Without including any images, please transcribe all the lines below exactly.
___ PROVIDED MATERIAL
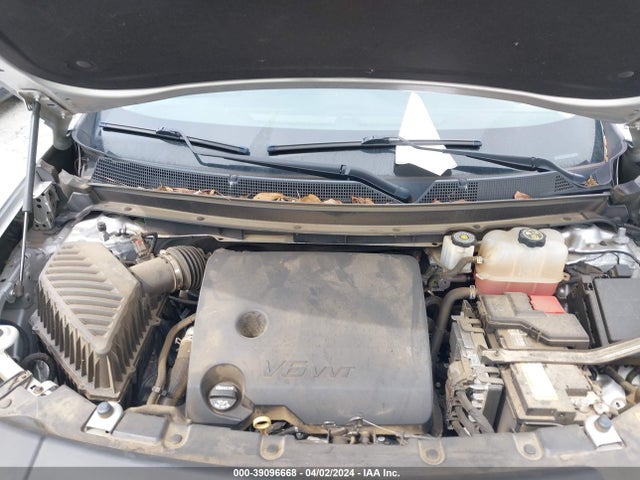 Chevrolet Traverse Ls 2018 1GNERFKW3JJ126713 Image 10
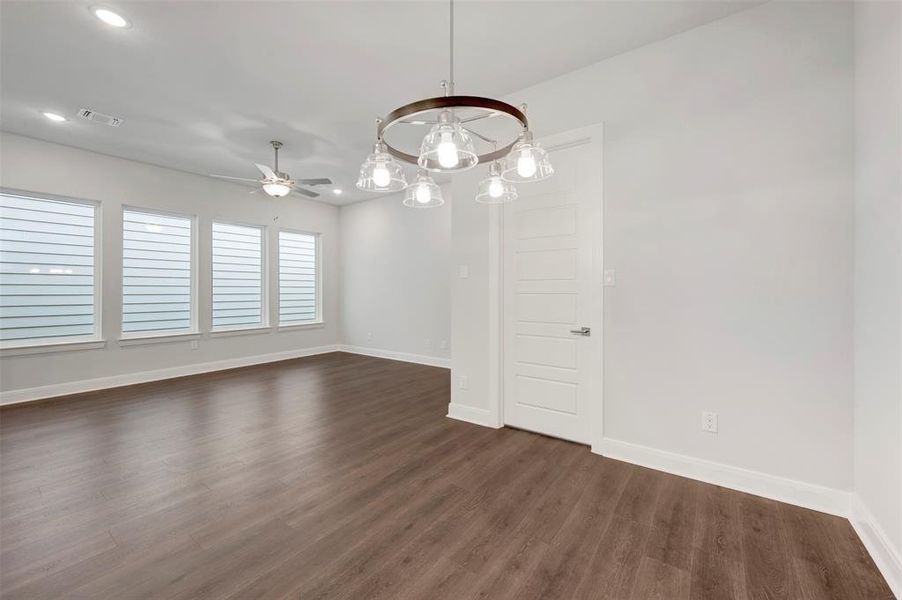 Spacious, unfurnished interior of a new home in The Retreat at Harvest, Argyle (Image 21).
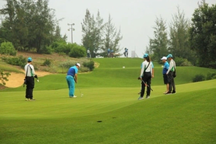 Bắc Ninh phải báo cáo Thủ tướng vụ giám đốc sở chơi golf trong giờ làm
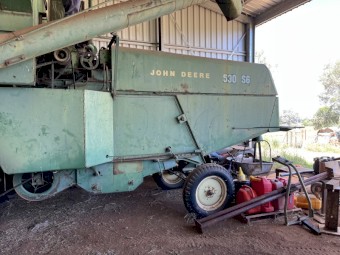 John Deere 530 Combine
______
• SOLUTION TO THE PROBLEM
 Chevrolet Traverse Ls 2018 1GNERFKW3JJ126713 Image 10
 Spacious, unfurnished interior of a new home in The Retreat at Harvest, Argyle (Image 21).
 Bắc Ninh phải báo cáo Thủ tướng vụ giám đốc sở chơi golf trong giờ làm
 John Deere 530 Combine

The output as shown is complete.